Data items
________________________________________

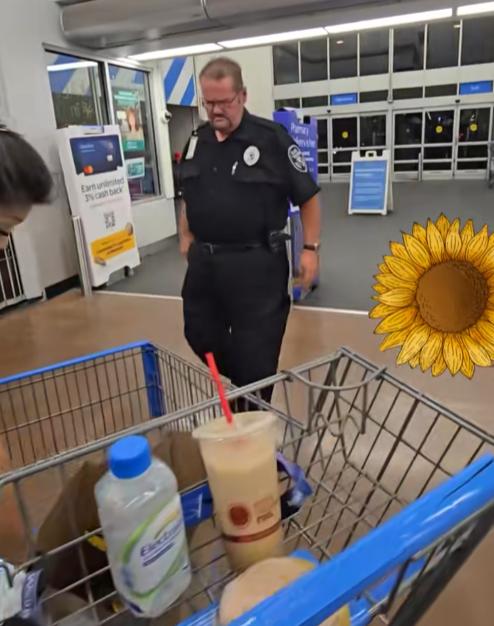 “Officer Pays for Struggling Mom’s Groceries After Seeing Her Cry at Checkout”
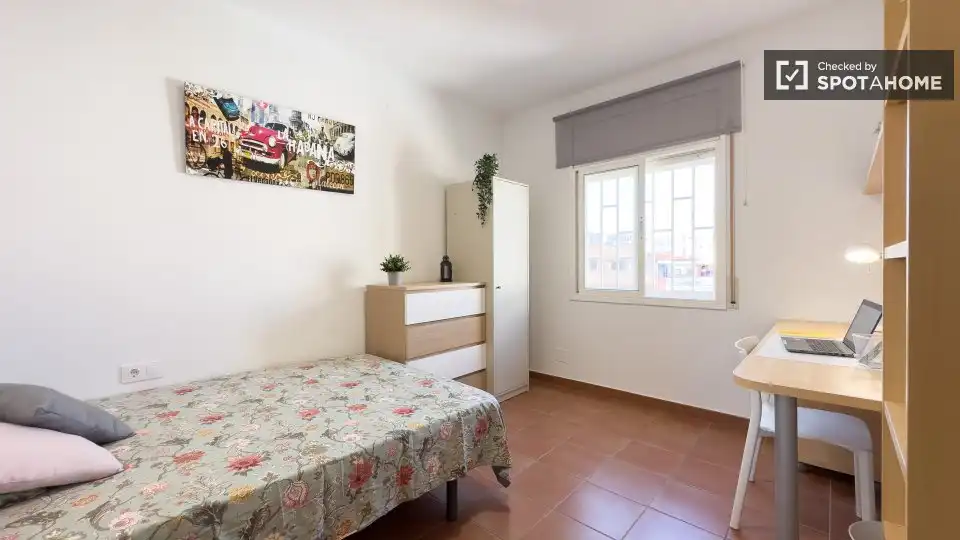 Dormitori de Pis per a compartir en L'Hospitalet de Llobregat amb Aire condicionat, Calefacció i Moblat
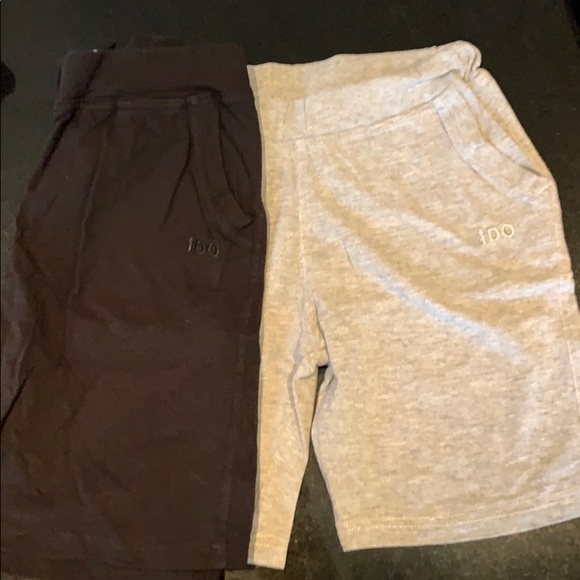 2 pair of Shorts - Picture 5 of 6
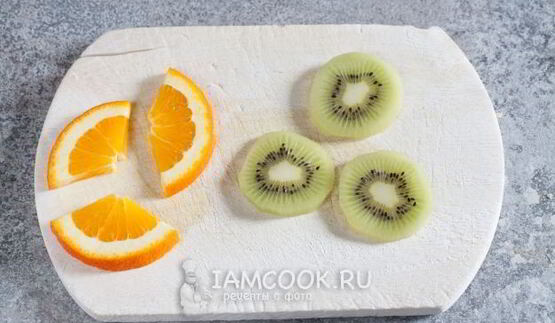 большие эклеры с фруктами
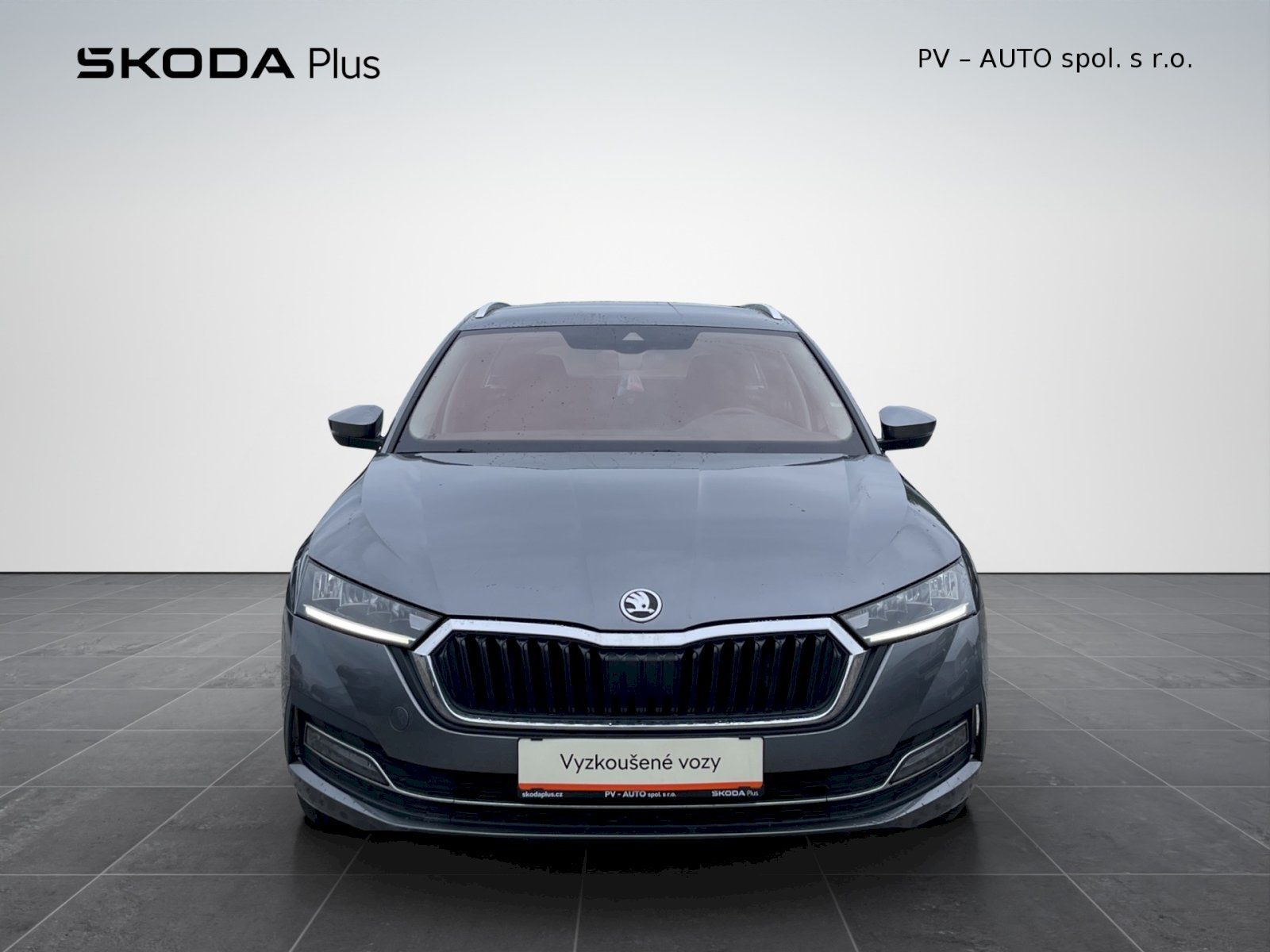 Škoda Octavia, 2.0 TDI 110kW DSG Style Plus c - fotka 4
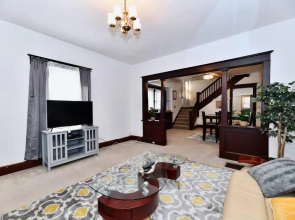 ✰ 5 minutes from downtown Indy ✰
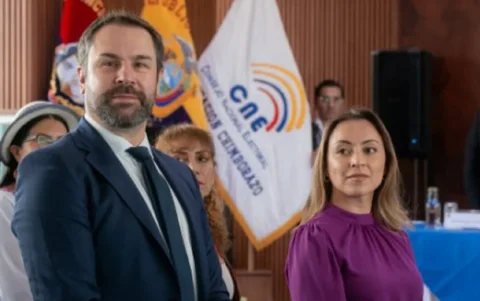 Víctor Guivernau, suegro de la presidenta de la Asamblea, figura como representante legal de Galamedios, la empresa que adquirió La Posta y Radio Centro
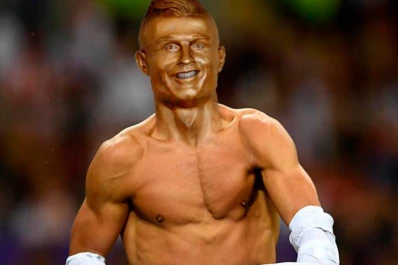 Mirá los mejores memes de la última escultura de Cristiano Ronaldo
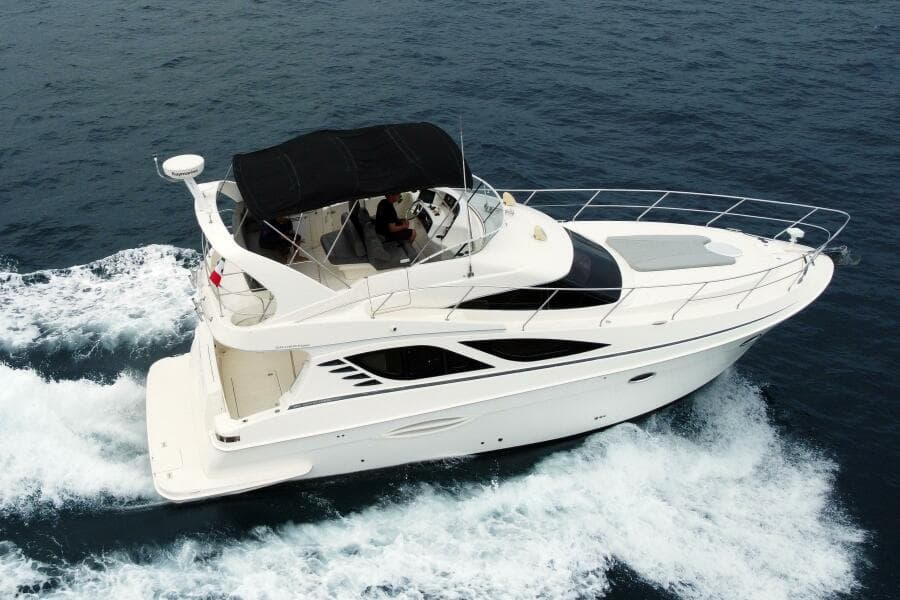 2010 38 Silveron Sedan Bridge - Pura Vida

________________________________________

• Problem
Every line above is to be duplicated exactly; no picture should be carried over.

• Output
 “Officer Pays for Struggling Mom’s Groceries After Seeing Her Cry at Checkout”
 Dormitori de Pis per a compartir en L'Hospitalet de Llobregat amb Aire condicionat, Calefacció i Moblat
 2 pair of Shorts - Picture 5 of 6
 большие эклеры с фруктами
 Škoda Octavia, 2.0 TDI 110kW DSG Style Plus c - fotka 4
 ✰ 5 minutes from downtown Indy ✰
 Víctor Guivernau, suegro de la presidenta de la Asamblea, figura como representante legal de Galamedios, la empresa que adquirió La Posta y Radio Centro
 Mirá los mejores memes de la última escultura de Cristiano Ronaldo
 2010 38 Silveron Sedan Bridge - Pura Vida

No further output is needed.